Chleb ten moim zdaniem nie czuć ani twarogiem ani za bardzo jogurtem ,wiec jak najbardziej polecam samemu upiec taki chlebek.




Życzę smacznego

piątek, 14 grudnia 2018

Chlebek czosnkowy (bez mąki)

Ten chlebek znalazłam na innym blogu ,a spodobał mi się ponieważ nie zawiera mąki zbożowej ale mąkę migdałową i jest niskowęglowodanowy.link
Ja robiłam go już 3 razy i jest super smaczny ,a do tego ma smak czosnkowy(mniam).
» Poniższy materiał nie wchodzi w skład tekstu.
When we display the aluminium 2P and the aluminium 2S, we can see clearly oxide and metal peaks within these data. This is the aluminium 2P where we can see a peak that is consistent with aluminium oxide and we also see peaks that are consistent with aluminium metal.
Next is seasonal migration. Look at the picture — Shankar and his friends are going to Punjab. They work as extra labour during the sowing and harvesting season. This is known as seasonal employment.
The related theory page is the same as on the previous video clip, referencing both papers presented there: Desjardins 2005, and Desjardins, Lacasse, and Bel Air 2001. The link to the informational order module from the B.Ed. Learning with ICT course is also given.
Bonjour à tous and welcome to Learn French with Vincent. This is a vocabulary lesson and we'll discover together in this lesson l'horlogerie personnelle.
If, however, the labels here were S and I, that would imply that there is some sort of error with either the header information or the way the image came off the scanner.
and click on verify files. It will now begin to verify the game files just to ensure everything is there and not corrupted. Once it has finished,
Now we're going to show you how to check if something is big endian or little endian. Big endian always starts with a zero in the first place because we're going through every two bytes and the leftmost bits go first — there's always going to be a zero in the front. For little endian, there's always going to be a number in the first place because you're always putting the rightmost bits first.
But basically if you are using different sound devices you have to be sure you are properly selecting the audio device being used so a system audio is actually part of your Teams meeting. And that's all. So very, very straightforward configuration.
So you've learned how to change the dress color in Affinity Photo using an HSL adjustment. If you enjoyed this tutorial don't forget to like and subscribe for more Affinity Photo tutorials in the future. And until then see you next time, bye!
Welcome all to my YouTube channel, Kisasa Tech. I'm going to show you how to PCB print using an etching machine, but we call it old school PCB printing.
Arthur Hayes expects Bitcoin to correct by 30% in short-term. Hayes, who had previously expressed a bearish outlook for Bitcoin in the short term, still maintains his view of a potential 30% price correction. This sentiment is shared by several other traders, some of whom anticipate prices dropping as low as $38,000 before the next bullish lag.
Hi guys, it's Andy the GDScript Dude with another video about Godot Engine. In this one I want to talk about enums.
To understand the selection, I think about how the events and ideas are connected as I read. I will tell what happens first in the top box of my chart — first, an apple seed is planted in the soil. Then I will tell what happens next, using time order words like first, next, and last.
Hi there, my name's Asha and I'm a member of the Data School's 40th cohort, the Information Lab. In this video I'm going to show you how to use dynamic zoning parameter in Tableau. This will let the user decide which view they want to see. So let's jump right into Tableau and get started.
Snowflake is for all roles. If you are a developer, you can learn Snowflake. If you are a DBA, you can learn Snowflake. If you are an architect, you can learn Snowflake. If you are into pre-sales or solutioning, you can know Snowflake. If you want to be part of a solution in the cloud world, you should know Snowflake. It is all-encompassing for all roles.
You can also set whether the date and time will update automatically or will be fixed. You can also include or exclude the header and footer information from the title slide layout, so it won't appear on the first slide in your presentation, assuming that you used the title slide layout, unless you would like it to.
Do sporządzenia w/w chlebka potrzeba nam będzie:
1 szklanka twardej tartej mozzarelli (ja kupuję takie już starkowane opakowanie ok.150g)
1/2 filiżanki drobno zmielonych migdałów (ja stosuję mąkę migdałową)
2 łyżki kremowego serka (ja używam mascarpone)
2 łyżki stołowe czosnku mielonego (ja  używam firmy Dar Natury,nie pachnie tak intensywnie )
1 łyżeczka proszku do pieczenia
2 łyżki masła
1 jajko
1-2 ząbki czosnku rozgniecionego( jak ktoś nie lubi zapachu czosnku ,może pominąć ten świeży czosnek)
1 łyżka stołowa posiekanej natki pietruszki,koperku lub szczypiorku (ja na razie używałam tego drobniutkiego szczypiorku)
1 łyżka stołowa tartego parmezanu
sól do smaku

Ja przygotowywanie tego chlebka zaczęłam od roztopienia masła z rozgniecionym czosnkiem,odstawiłam na chwilę żeby nie było za gorące i w drugim rondelku roztopiłam ser mozzarella z serkiem mascarpone (uwaga pilnować żeby nam sie nie przypaliło).
Jajka roztrzepałam na osobnej miseczce(lub talerzyku) i do roztopionego sera dodałam rozmącone jajka ,mąkę migdałową ,proszek do pieczenia i czosnek w proszku wszystko to dobrze wymieszałam do jednolitej konsystencji .
Do rondelka w którym roztopiłam masło dodałam starty parmezan i pocięty szczypiorek(jak pisałam wcześniej można tu dać to co się lubi czyli natkę pietruszki lub koperek).
W między czasie nastawiłam piekarnik na 150C (termoobieg) i formę (u mnie była to tortownica) wyłożyłam papierem do pieczenia.
Masę z mąką,jajkami rozprowadzić po formie i na gorze posmarować masłem z dodatkami(czyli nasz drugi rondelek gdzie roztapialiśmy masło ,parmezan oraz np. szczypiorek ).
Wstawiłam do nagrzanego piekarnika temperatura jak wcześniej pisałam i piekłam ok. 10 minut(proszę nie przedobrzyć jak zrobiłam to za pierwszym razem ,kolor na gorze ma być złoty,a nie brązowy) i starczy piec na środkowej półce w piekarniku i przy samym termoobiegu.
Mi smakuje bardzo (ale choć ma nazwę chlebek typowym chlebkiem to to nie jest ze wkładamy miedzy kromki wędlinę np.) i nie wychodzi za bardzo puszysty (trochę podrośnie ,ale tylko troszkę).



Życzę smacznego

piątek, 7 grudnia 2018

Pasztet z soczewicy zielonej ,dyni i pieczarek

Pasztet ten w zamierzeniach miał być z ciecierzycy ,ale przyznam się bez bicia że pomyliła mi się ciecierzyca z soczewicą(jak się skapowałam że namoczyłam zamiast ciecierzycy soczewicę to już było za późno bo już ziarna były namoczone na noc)  to jest  to pasztet z soczewicą i kropka.
Dlaczego użyłam zielonej soczewicy a nie czerwonej bo takiej jeszcze nie jadłam i musiałam spróbować jak długo się gotuje oraz jaki ma smak.


Do pasztetu użyłam:
200-300g zielonej soczewicy(ja dałam 2 kubki suchych ziaren)
1/2 kg pieczarek
500-600 g dyni (ja lubię dynię piżmową za jej wszechstronność)
4 jajka
1 cebula
1 kajzerka
bułka tarta
oliwa
przyprawy(u mnie były to:sól,pieprz,gałka muszkatołowa starta na tarce,papryka w proszku,przyprawa do pasztetu)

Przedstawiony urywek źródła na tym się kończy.